## [Task directions]
Return each line of the records with nothing changed, pictures excepted.

(Pictures with short captions)
───
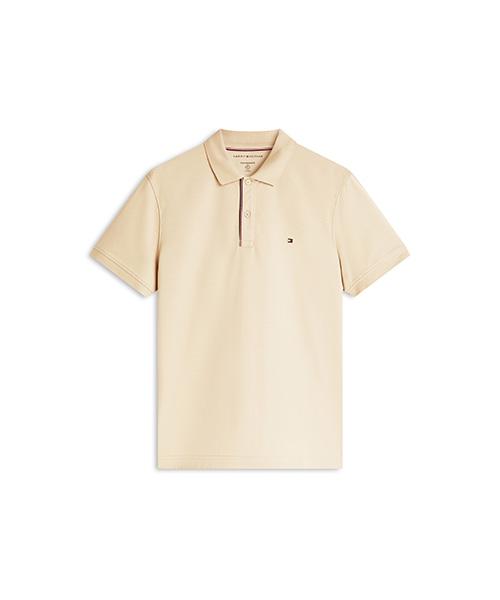 TOMMY HILFIGER Jacquard Polo Shirt (T12G1Tkt110Mt2Rbt)
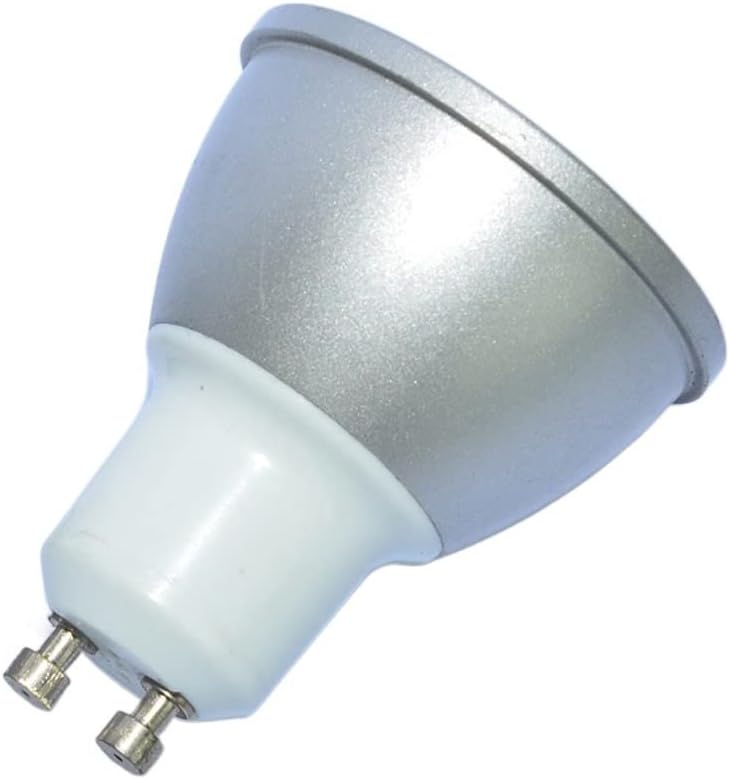 AKSPET Fengyan Лампи за дома си 10 бр./лот led прожектор COB 6 W Крушка за затъмняване GU10 AC110V/230 В Led прожектор Заменя галогенную лампа 50 W Домакински лампа (Цвят: OneColor, Размер: GU10 110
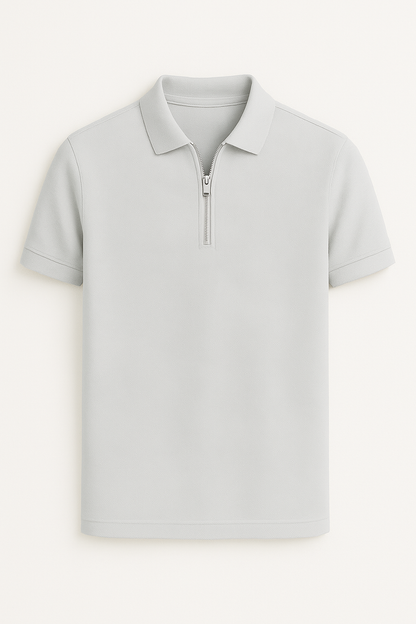 Agamenon® | THE BELLAGIO HALF ZIP POLO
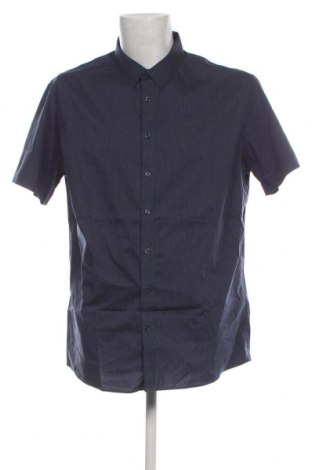 Ανδρικό πουκάμισο Celio, Μέγεθος XXL, Χρώμα Μπλέ, Τιμή 8,90 €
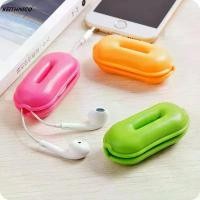 ราคา ที่เก็บสายหูฟังแบบไขลาน, ถั่วลิสง 3 ชิ้น, ที่เก็บสายหูฟัง, ที่ม้วนสายไฟ, จัดการสายเคเบิล, เหมาะสำหรับการจัดการสายดาต้า, [COD] (1732081921881507752)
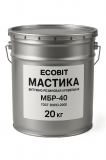 Мастика битумно-резиновая кровельная МБР-40 Ecobit ГОСТ 30693-2000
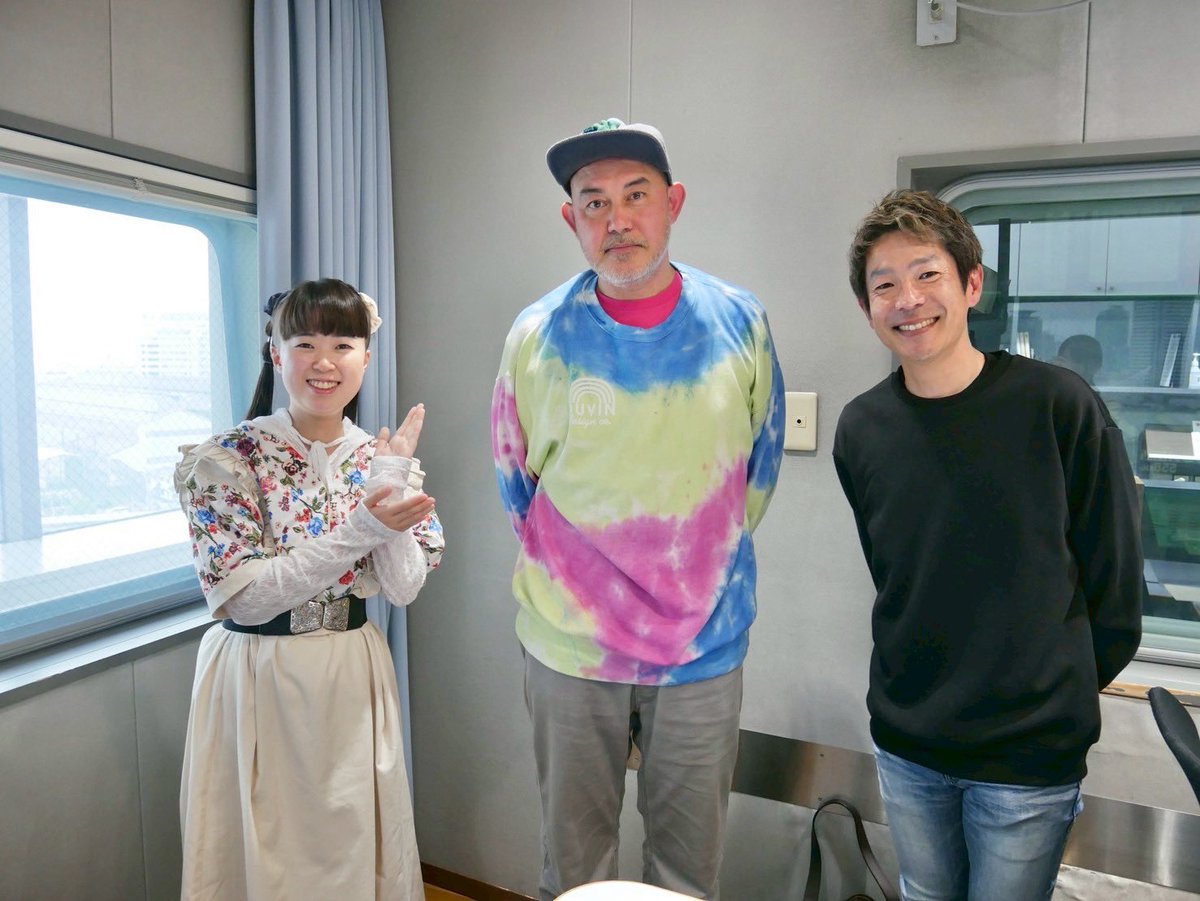 🕑14時台　#もっくり
the CRAFTな人たち

塩屋にある洋館「旧グッゲンハイム邸」の管理人・森本アリさんにお越しいただきました！🏠

👇ここから聴けます
radiko.jp/share/?t=20250…

#清水健 #桂米舞 #ラジ関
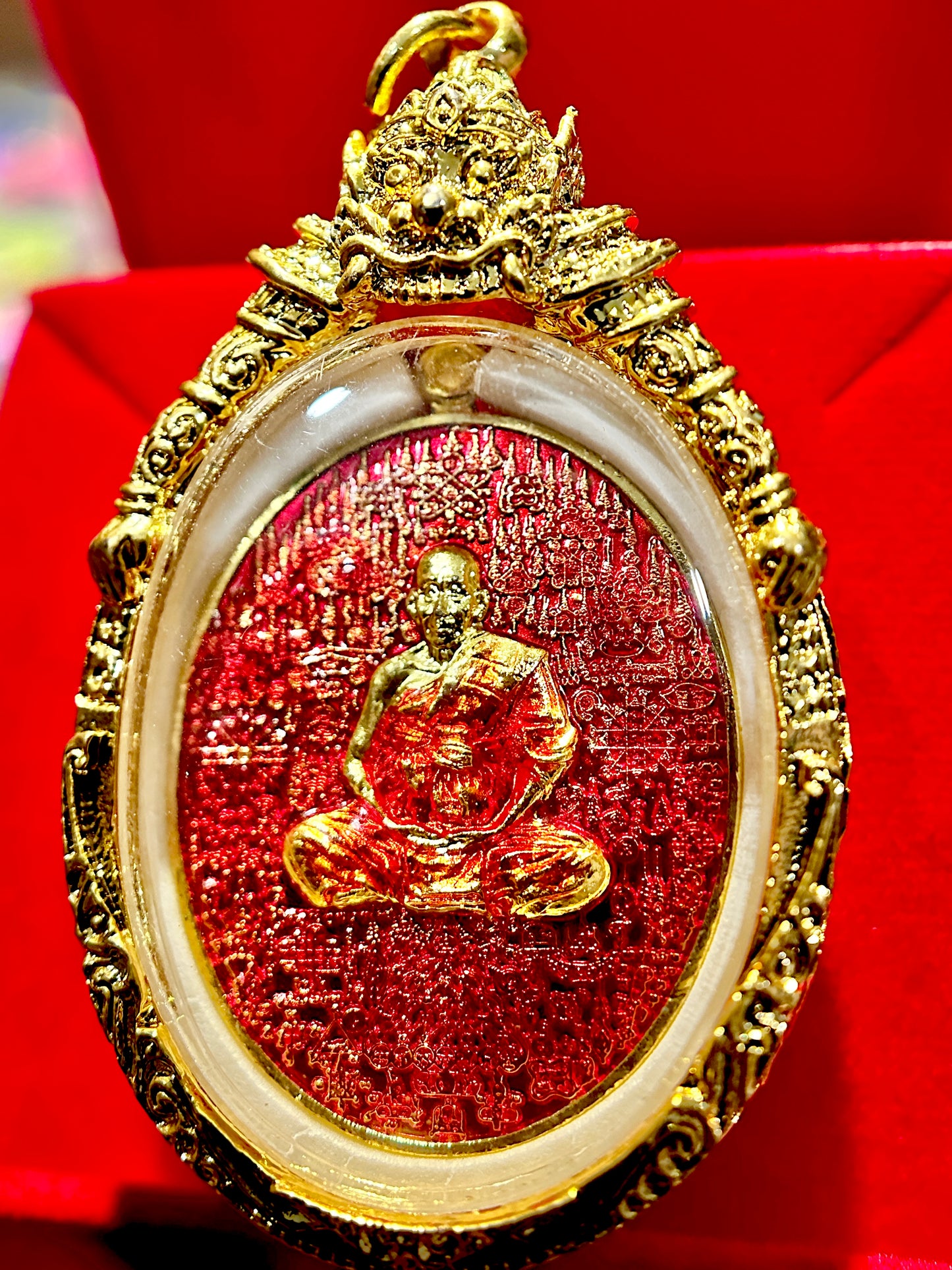 Golden Luang Phor Tuad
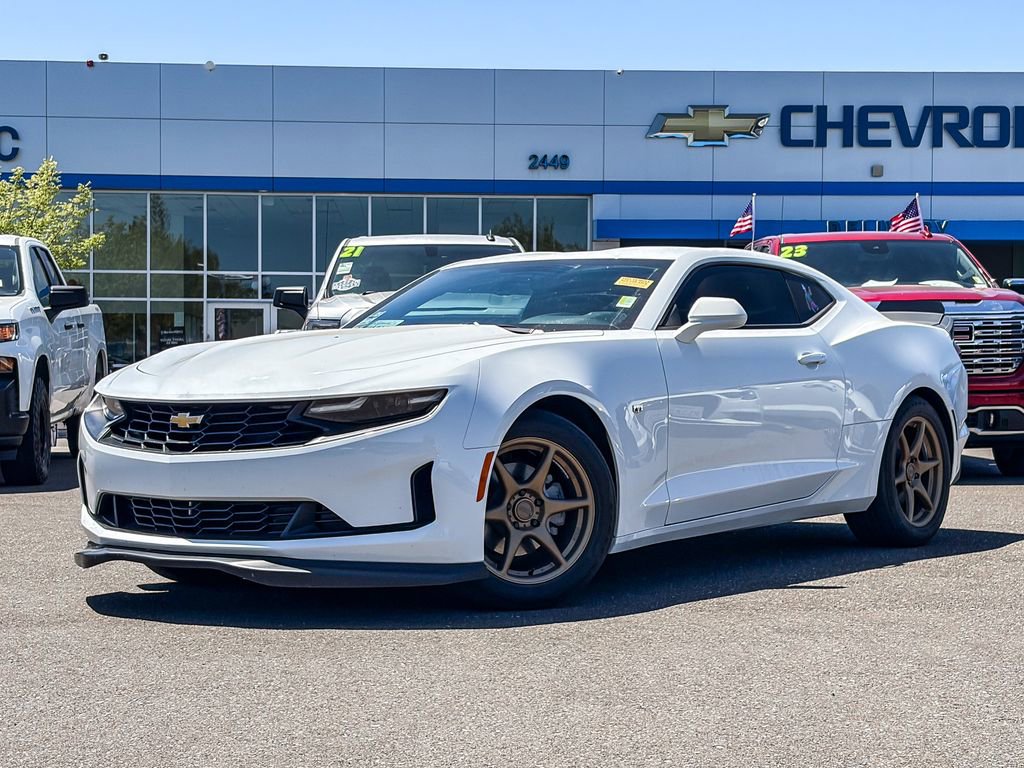 Used 2021 Chevrolet Camaro LS RWD image 1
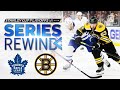 SERIES REWIND: Bruins outlast Maple Leafs in seven games for second straight year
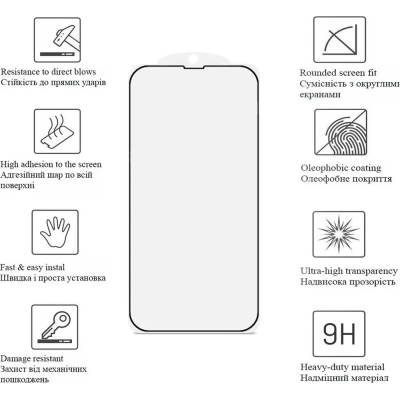 ���� ������� Drobak Matte Ceramics Apple iPhone 16e (595983) - �������� 2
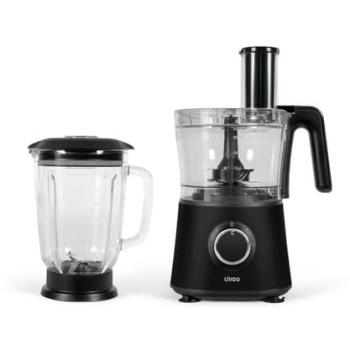 Robot de Cocina Multifunción 1.5L 600W Negro - Livoo DOP250N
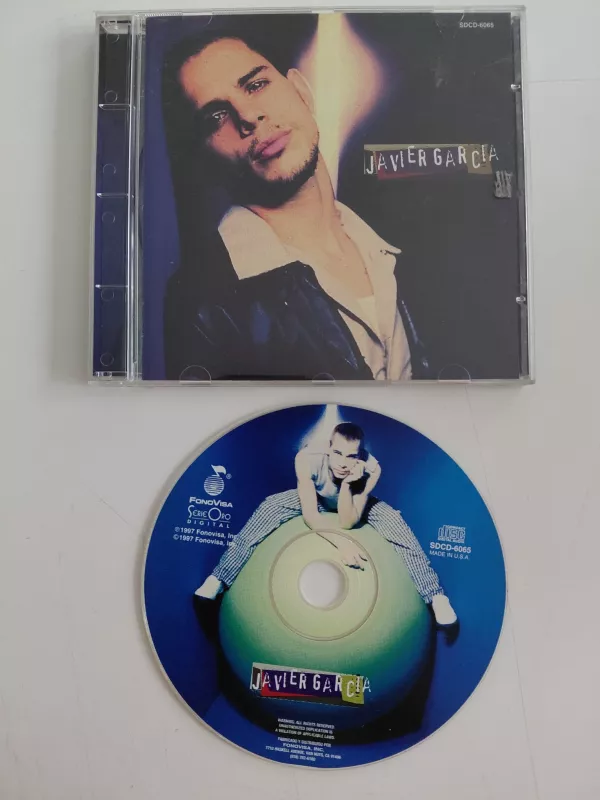 Javier García  –  Javier García -  1997  USA Basım - CD Albüm-2.el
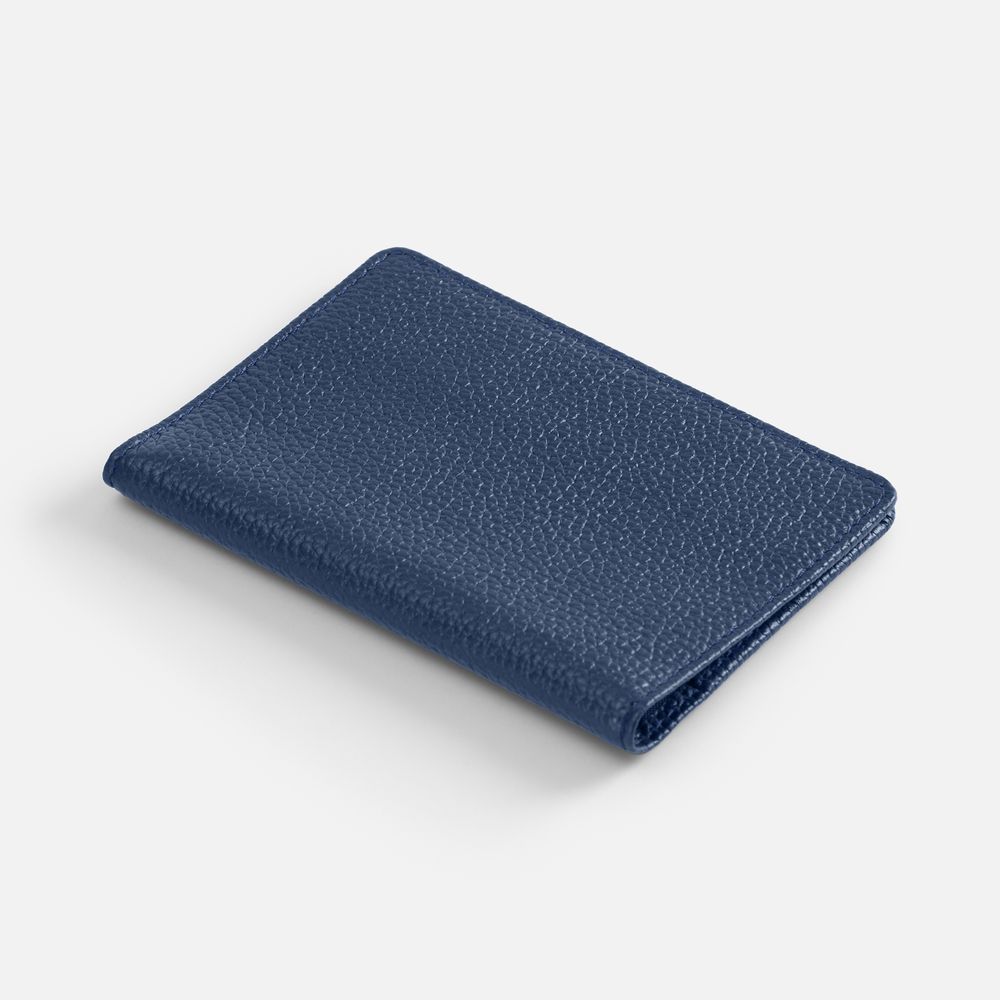 Обложка для паспорта Unison, синяя — изображение 2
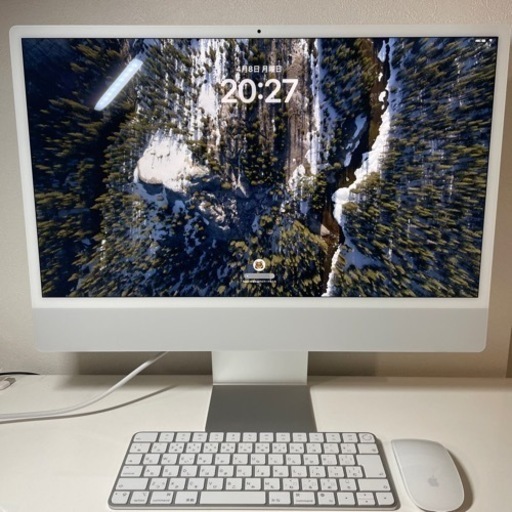 デスクトップパソコン iMac24inch 2021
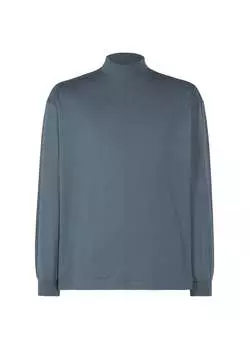 Водолазка black turtleneck top Homme Pliss Issey Miyake, синий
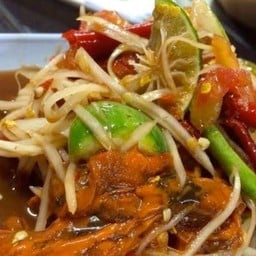 ส้มตําหอยดอง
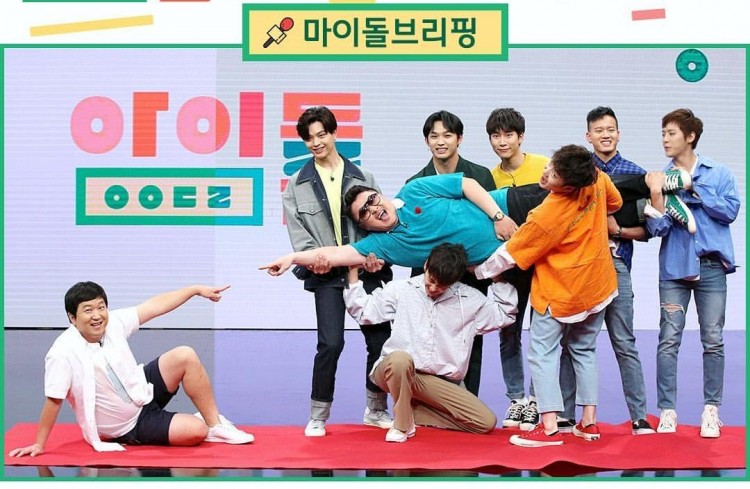 Idol Room cho Weekly idol hít khói vì danh sách khách mời thuộc toàn hàng khủng - image 1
───
## [Your solution]
 TOMMY HILFIGER Jacquard Polo Shirt (T12G1Tkt110Mt2Rbt)
 AKSPET Fengyan Лампи за дома си 10 бр./лот led прожектор COB 6 W Крушка за затъмняване GU10 AC110V/230 В Led прожектор Заменя галогенную лампа 50 W Домакински лампа (Цвят: OneColor, Размер: GU10 110
 Agamenon® | THE BELLAGIO HALF ZIP POLO
 Ανδρικό πουκάμισο Celio, Μέγεθος XXL, Χρώμα Μπλέ, Τιμή 8,90 €
 ราคา ที่เก็บสายหูฟังแบบไขลาน, ถั่วลิสง 3 ชิ้น, ที่เก็บสายหูฟัง, ที่ม้วนสายไฟ, จัดการสายเคเบิล, เหมาะสำหรับการจัดการสายดาต้า, [COD] (1732081921881507752)
 Мастика битумно-резиновая кровельная МБР-40 Ecobit ГОСТ 30693-2000
 🕑14時台　#もっくり
the CRAFTな人たち

塩屋にある洋館「旧グッゲンハイム邸」の管理人・森本アリさんにお越しいただきました！🏠

👇ここから聴けます
radiko.jp/share/?t=20250…

#清水健 #桂米舞 #ラジ関
 Golden Luang Phor Tuad
 Used 2021 Chevrolet Camaro LS RWD image 1
 SERIES REWIND: Bruins outlast Maple Leafs in seven games for second straight year
 ���� ������� Drobak Matte Ceramics Apple iPhone 16e (595983) - �������� 2
 Robot de Cocina Multifunción 1.5L 600W Negro - Livoo DOP250N
 Javier García  –  Javier García -  1997  USA Basım - CD Albüm-2.el
 Обложка для паспорта Unison, синяя — изображение 2
 デスクトップパソコン iMac24inch 2021
 Водолазка black turtleneck top Homme Pliss Issey Miyake, синий
 ส้มตําหอยดอง
 Idol Room cho Weekly idol hít khói vì danh sách khách mời thuộc toàn hàng khủng - image 1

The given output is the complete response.